When the patches are available, you need to update, and likely reboot. Mattias Geniar talks about using the following command to find processes depending on libc, any of which could be running the vulnerable code, these are core processes that you probably cannot just cycle without a reboot [1]. For me the listing looks something like this: agetty, auditd, dbus-daem, dhclient, init, master, mysqld, rsyslogd, sshd, udevd, xinetd. Many of these deal with hostnames, so I would want to be sure everything is clean, and the best option is likely a reboot.
They're only attacking host-lookup, so you just have to worry about people who can connect to your service and are able to control name server response. This means your network services that are internet-accessible. Everything else can wait for a maintenance window for the reboot.
It doesn't have to be internet accessible, AFAIK. If an attacker can get something to do arbitrary DNS lookups, I think it can be attacked. For instance, monitoring/log correlation software might be vulnerable.
This is a good idea in general. However, every version of ssh that I could test (going back to Ubuntu 8.04) uses getaddrinfo() rather than gethostbyname() and is therefore safe.
Just remember that by default lsof prints only first 9 characters of process name, so processes with long names will be cut. You can change how much initial characters lsof prints with +c command, but often kernel does not supply full names for lsof, example limit in my box is 15 characters
That limit is set somewhere in the kernel but it's not clear if lsof is just setting that as a maximum internally or probing somewhere - I used strace -etrace='!close' lsof +c 64 but I couldn't see anything related to the limit.
Thank you, it's not always clear when a reboot is needed after an update. I do it with kernel updates but wouldn't have in this case until I read your comment and ran the command to check.
If would be nice if package managers would let us know when this is necessary, I expect that might be a hard thing to get right though.

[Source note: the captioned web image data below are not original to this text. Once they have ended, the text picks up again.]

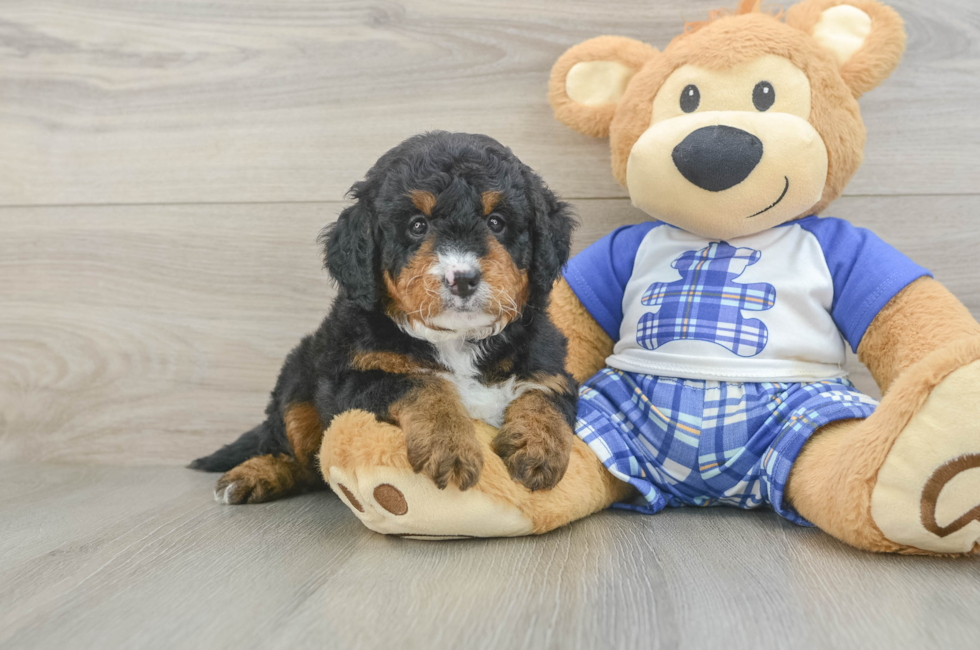5 week old Mini Bernedoodle Puppy For Sale - Premier Pups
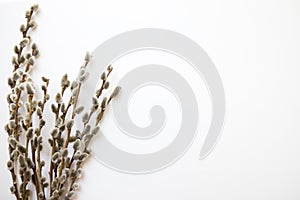 Willow branches on the white background mock up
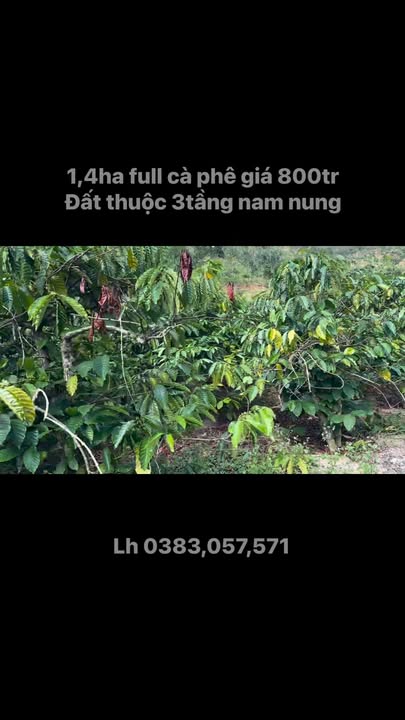 Đất Farm 1,4ha Nam Ninh Lâm Đồng giá 800 triệu - Cơ hội đầu tư tuyệt vời!
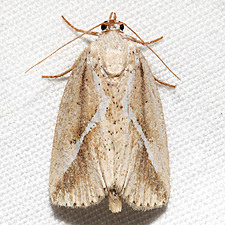 Argillophora furcilla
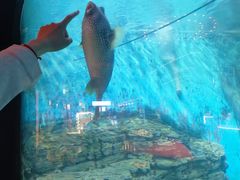 -烟台海昌鲸鲨海洋公园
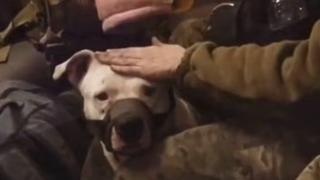 Adik, el perro que soldados rusos robaron en Ucrania y ha regresado en un intercambio de prisioneros por Año Nuevo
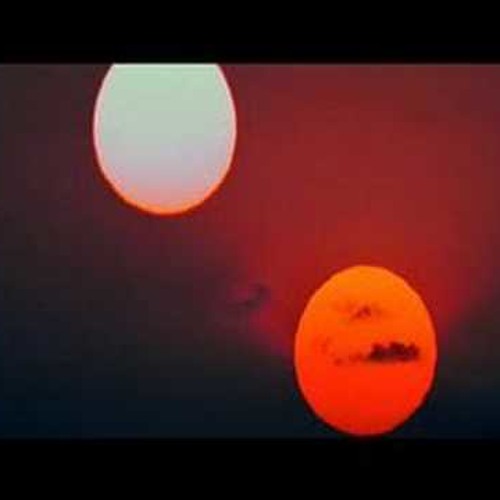 Home is Here [in progress]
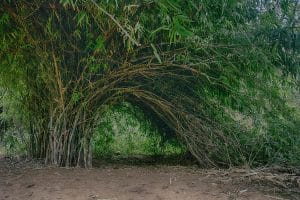 Non-Invasive Bamboo - What Bamboo Does Not Spread?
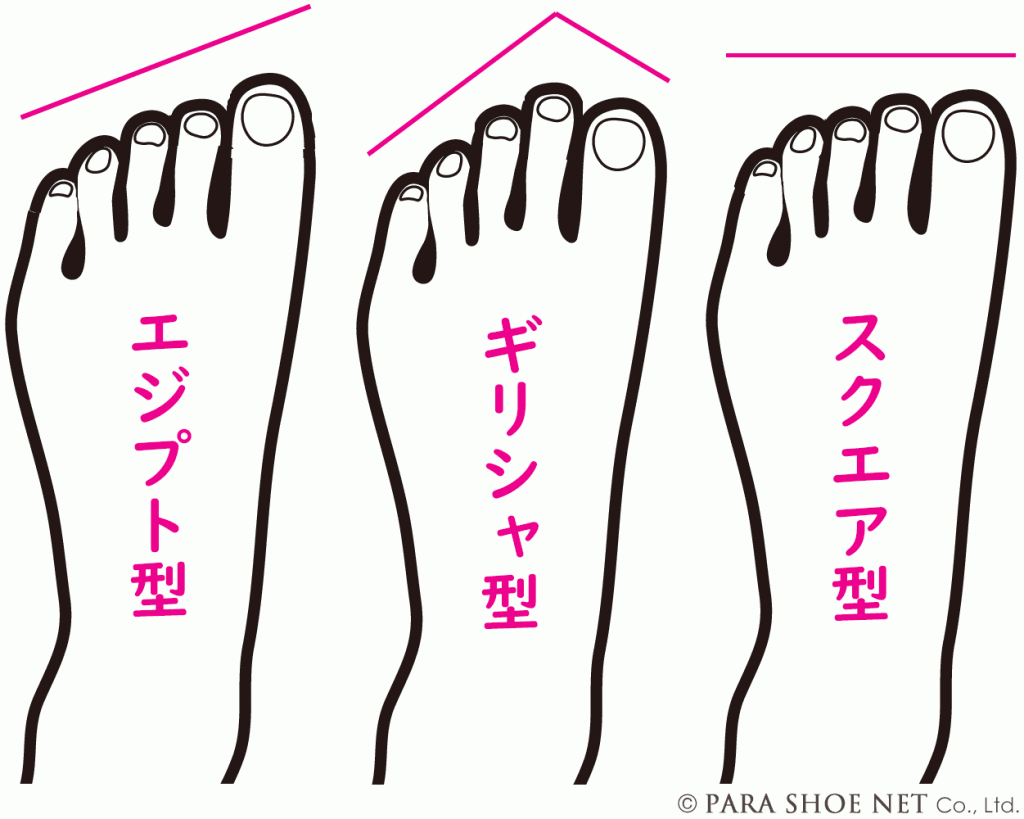 足のタイプ（エジプト型、ギリシャ型、スクエア型）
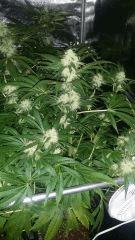 Floraison  41 (8)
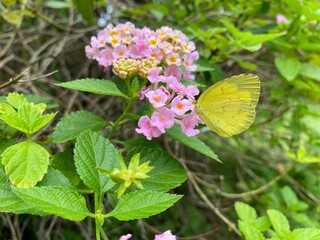 butterfly on flower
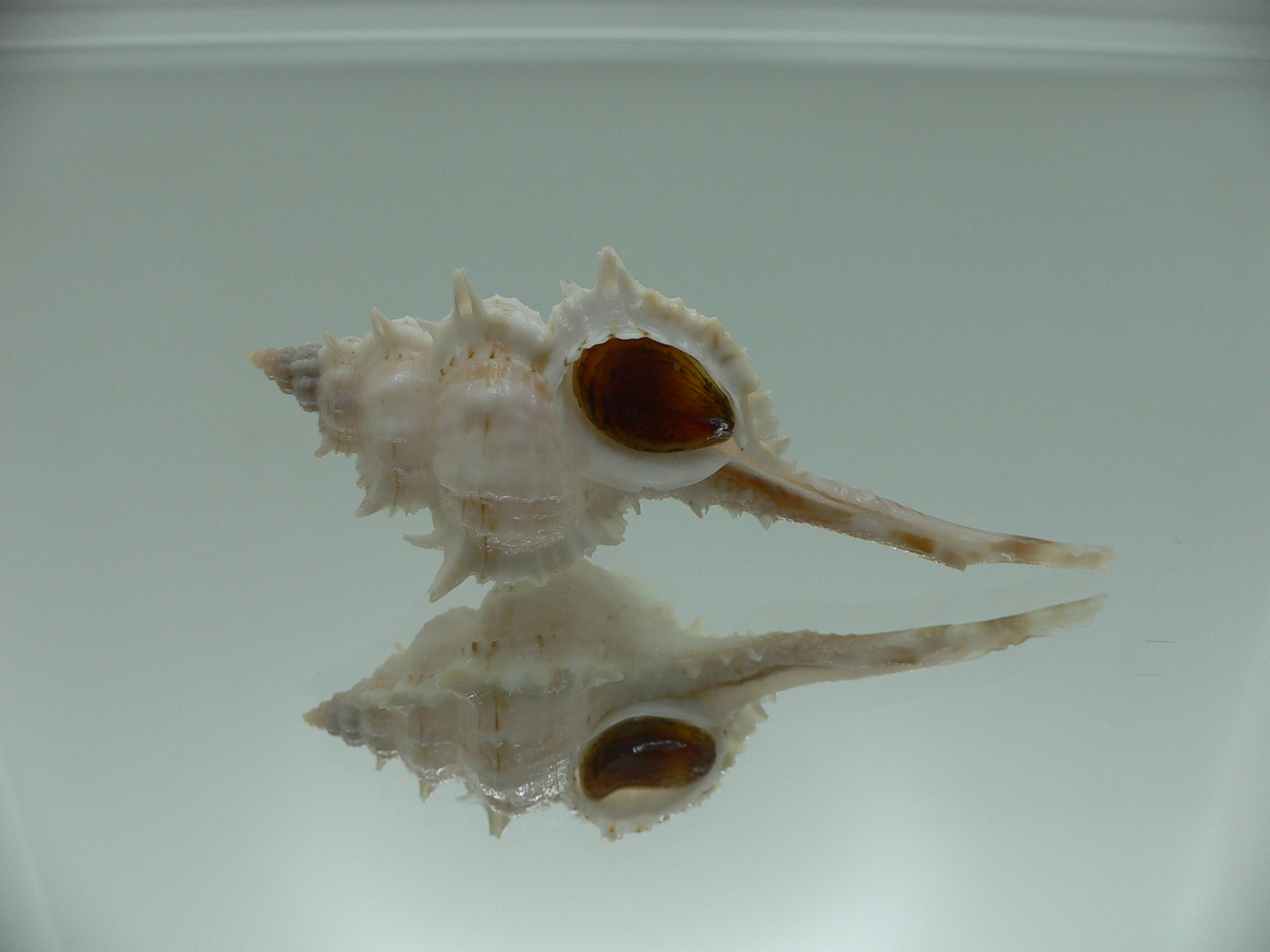 Vokesimurex cf. kiiensis nagaidesu (var.)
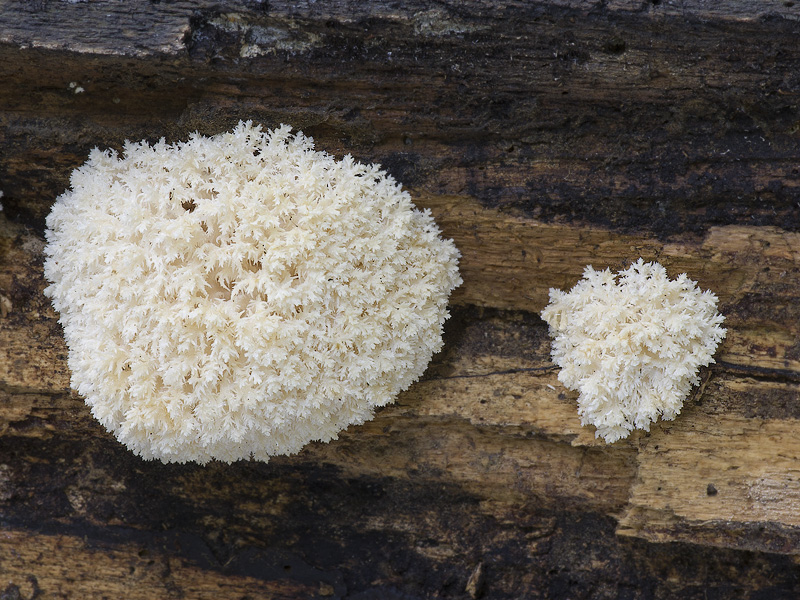 Hericium coralloides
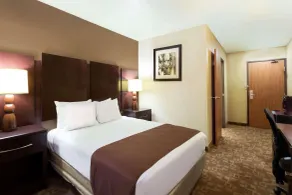 Rodeway Inn & Suites Chandler - Phoenix South I-10 - Room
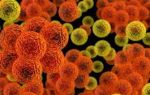 Какие болезни вызывают бактерии: классификация и лечение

Yeah, that's a good point, and definitely worth mentioning, but obviously rebooting isn't going to help in that case either. The parent was asking about how they would know if they need to reboot or not.
You're testing what happens when you delete a file for which an open file descriptor exists. On Linux, a shared library will normally be memory-mapped but will not have a corresponding file descriptor. So lsof will show DEL, not (deleted).
I wouldn't normally nitpick about something like this, but if people follow your advice they might incorrectly think they don't need to reboot.